Bu itibarla, Adil Yargılanma ve İspat hakkımın ihlal edildiği Çeşme Asliye Hukuk Mahkemesi'nin 2012/153 E. 2014/294 K. sayılı kararı (ilk hali:2008/31 Esas) nedeniyle maddi ve manevi bütünlüğüme yönelik telafisi mümkün olamayacak şekilde ciddi bir tehlike bulunduğundan, adaleti ve sağduyuyu hiçe sayan tarzda bariz keyfilik içeren bu maksatlı karara mümkün olan en kısa sürede tedbir getirilmesini ve Adil Yargılanma Hakkı ihlalinin sonuçlarının ortadan kaldırılması için yeniden yargılama yapılmasına karar verilmesini yüce mahkemeden talep etme zarureti doğmuştur.

 

III- BAŞVURU YOLLARININ TÜKETİLDİĞİNE İLİŞKİN BİLGİLER

A - Başvuru yollarının tüketilmesine ilişkin aşamalar:

                               Çeşme Asliye Hukuk Mahkemesi'nin 2012/153 E. 2014/294 K. sayı ve 29.06.2014 tarihli kararı, Karar Düzeltme başvurumuzun Yargıtay 20. Hukuk Dairesinin 2017/1602 E. 2017/6959 K. sayılı reddine dair kararı ile kesinleşmiş olup Ek:15 başvuru yolları tüketilmiştir.   
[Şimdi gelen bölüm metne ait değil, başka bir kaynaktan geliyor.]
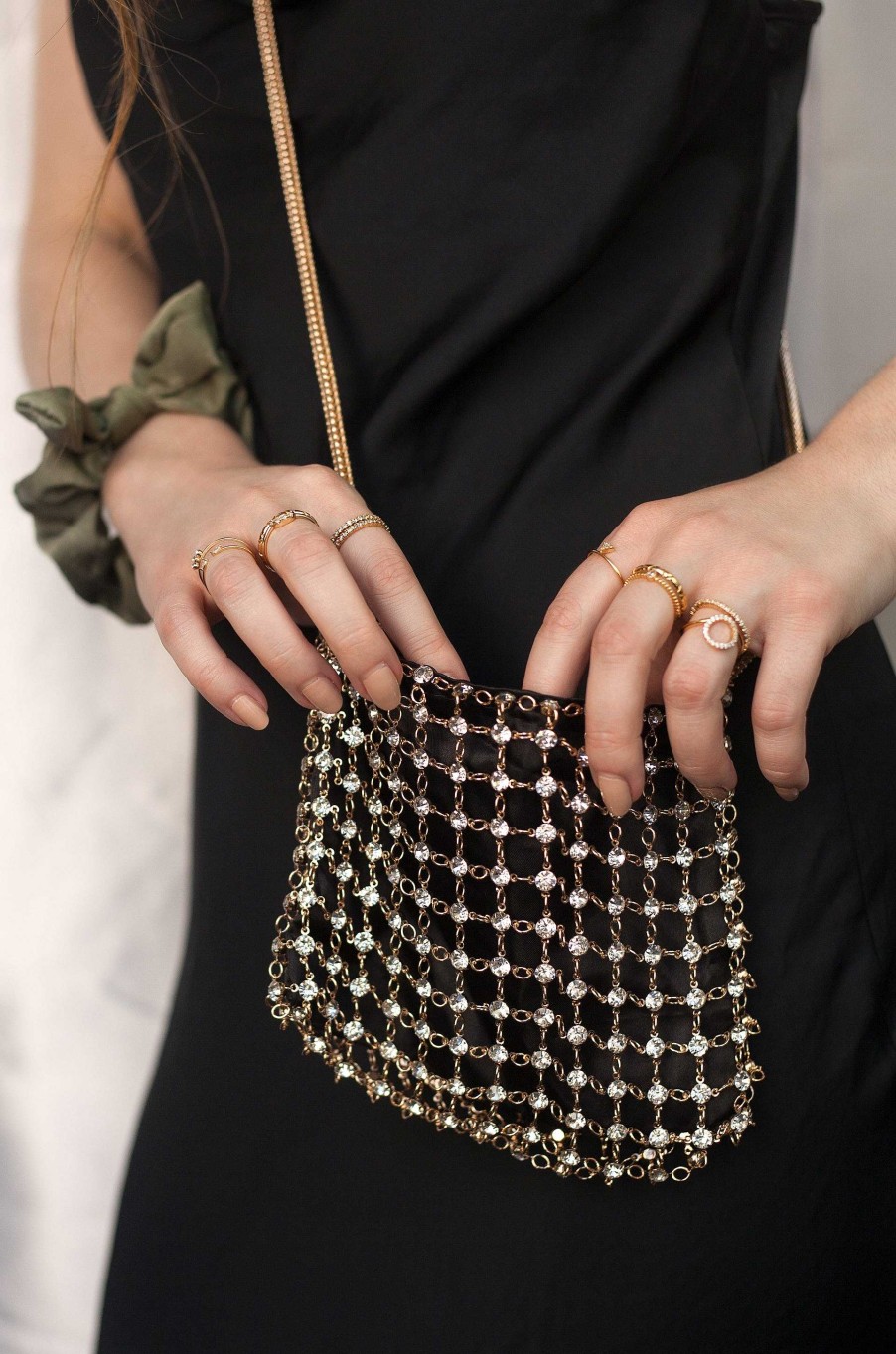 Bags & Hats Ettika | Crystal Criss Cross Chain Bag In Black & Gold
B - Başvuru yollarının tüketildiği veya başvuru yolu öngörülmemişse ihlalin öğrenildiği tarih:

 1- KARARI VEREN MAHKEME/MERCİİ/ MAKAM :

Yargıtay 20. Hukuk Dairesi

 2 - KARARIN TARİHİ VE SAYISI: 28. 09. 2017 tarih ve 2017/1602 Esas 2017/6959 Karar

 3- TEBLİĞ VEYA ÖĞRENME TARİHİ : Tebliğ tarihi 21.10.2017 (Başvuru süresinin son günü Pazar günü olması nedeniyle 20.11.2017 tarihli başvurumuz süresindedir.)

IV- DİĞER BİLGİLER

A- Başvurucunun Anayasa Mahkemesi önünde devam eden bir başka başvurusu varsa numarası: Tarafımıza henüz kayıt belgesi ulaşmamış iki adet Başvurumuz bulunmaktadır.
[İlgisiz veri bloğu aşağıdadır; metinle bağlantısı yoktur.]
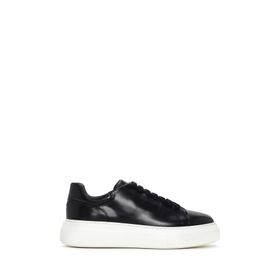 Derimod 24SFD613418 Siyah Bağcıklı Kalın Tabanlı Deri Erkek Sneaker
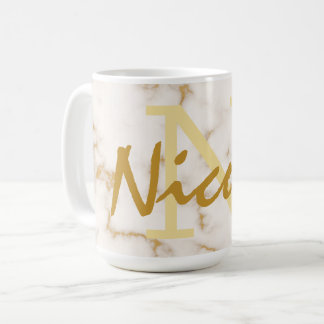 金ゴールドモノグラムとイニシャル コーヒーマグカップ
B- Başvurucunun kamuya açık belgelerde kimliğinin gizli tutulması talebi ve bunun gerekçesi: Kimliğin gizli tutulması talebimiz bulunmamaktadır.

 V - SONUÇ TALEPLERİ:

Yukarıda arz ve izah edilen nedenlerle, Anayasası’nın 36. maddesi ve Avrupa İnsan Hakları Sözleşmesi’nin 6. maddesinde güvence bulan Adil Yargılanma Hakkı ve Anayasa’nın 39. maddesinde temel bir insan hakkı olarak düzenlenen İspat Hakkının İhlal edildiğine, yerel mahkeme kararına yönelik tedbir getirilmesine ve Adil Yargılanma Hakkı ihlalinin sonuçlarının ortadan kaldırılması için yeniden yargılama yapılmasına karar verilmesini Yüce Mahkemeden saygı ile dilerim.

Bu başvuru formunda vermiş olduğum bilgilerin doğru olduğunu; formda belirtilen bilgilerde, adreslerimde veya başvuruyla ilgili koşullarda herhangi bir değişiklik meydana geldiğinde Mahkemeye bildireceğimi beyan ederim.
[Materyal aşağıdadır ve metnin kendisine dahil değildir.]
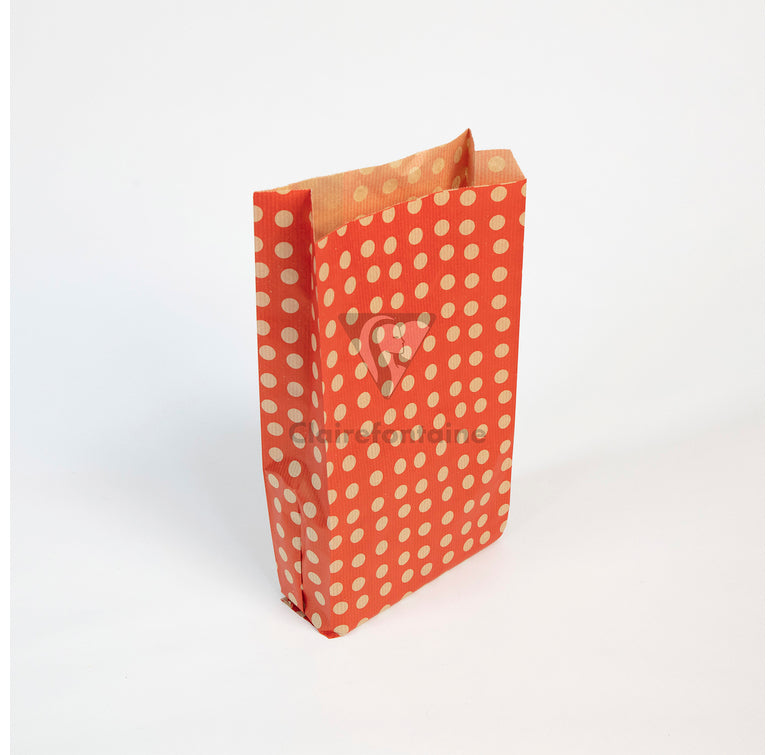 Pochette papier kraft 15x31x6 pois fond rouge- paquet de 50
                Başvurucu                                                                                                                                                                         XXXXXXXXX

Tarih : 20.11.2017

İmza :

 EKLER

 1- Başvuru harcının ödendiğine dair belge

 2- Nüfus cüzdanı örneği 

 3- Kesin karar tebliğ belgesi

 4- İzmir 4. İdare Mahkemesi 1995/803 Esas 1997/485 K.

 5- Çeşme Belediyesi 04.01.2008 tarih 42-38 sayılı Beyanı.

 6- İzmir 4. İdare Mahkemesi 2008/1273 E. 2009/28 K.

 7- Çeşme Belediyesi - 4. İdare 1995/803 Esas 1997/485 K. Temyiz Başvurusu

 8- Çeşme Belediye Encümeni 25.05.1999 tarih 1999/653 sayılı Kararı.

 9- İzmir 2. İdare Mahkemesi 2013/1611 E., 2014/781 K.

10-Danıştay 10. Dairesi 2014/4606 Esas 2016/1456 K.

11-Çeşme Tapu Müdürlüğü 23.01.2012 tarih 101/3/263 sayılı Beyanı.

12-Çeşme Tapu Müdürlüğü 16.06.2014 tarih 1679 sayılı Beyanı.

13-Çeşme Asliye Hukuk Mahkemesi'nin 2012/153 E. 2014/294 K. sayılı Gerekçeli Kararı.

14-Yargıtay 18. Hukuk Dairesi 2014/18265 E. 2015/11208 K.

15-Yargıtay 20. Hukuk Dairesi 2017/1602 E. 2017/6959 K.